Ok, so here are the deer loins I got from my buddy the other week. The deer was shot in the town I live in. I seasoned the cuts with salt and pepper, threw some garlic and butter in with them and cooked them in my sous vide supreme at 124°F. Here they are pre-sous vide:
In the meantime I made a wine reduction sauce with locally grown shallots, and garlic. The wine is a Wisconsin made black berry and grape wine.
I took some cardboard from an empty beer case, cut it, then wrapped it in foil. This was to plate the wild rice (Wisconsin grown of course!)
I soaked the deer heart strips in buttermilk overnight to draw out the iron/blood (tip from a chef friend of mine). Here is the heart getting lightly tossed in flour before pan frying it.
Venison is out of the sous vide and put into a roaring hot cast iron pan with a foil wrapped brick on top to weight down and help sear that **** quickly.

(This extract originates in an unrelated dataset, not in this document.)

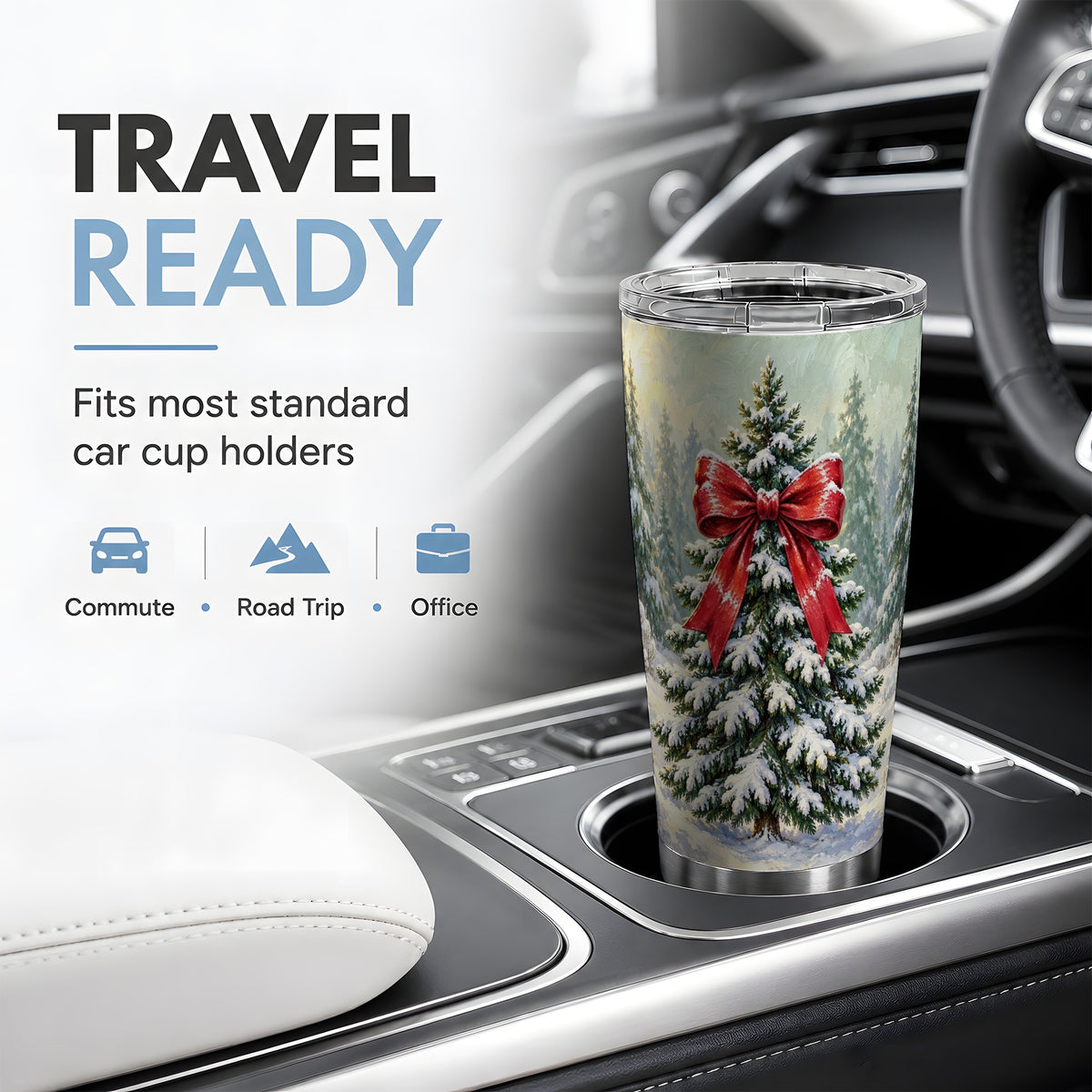 Snowy Christmas Tree 20oz Tumbler, Red Bow Winter Landscape Art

I used a melon ball cutter to cut some locally grown honey crisp apples into mini balls and sous vide'ed them earlier in a white wine syrup. These were top notch. They don't look like much in the picture, but damn did they tie the dish together imo. The pan fried deer heart is at the top of the plate. The beer is Central Waters - Quisconsing Red Ale out of Amherst, WI. As usual, my drunken sauce plating is sub-par, but oh, well. It was probably the best wine reduction sauce I've ever made and went really well with the rest of the food.
close up:
EMC!!!!!:
I was obviously trying to do a "locally sourced only" meal, and I was pretty happy with the results. The other two people I cooked this meal for said it was the best venison they have ever had.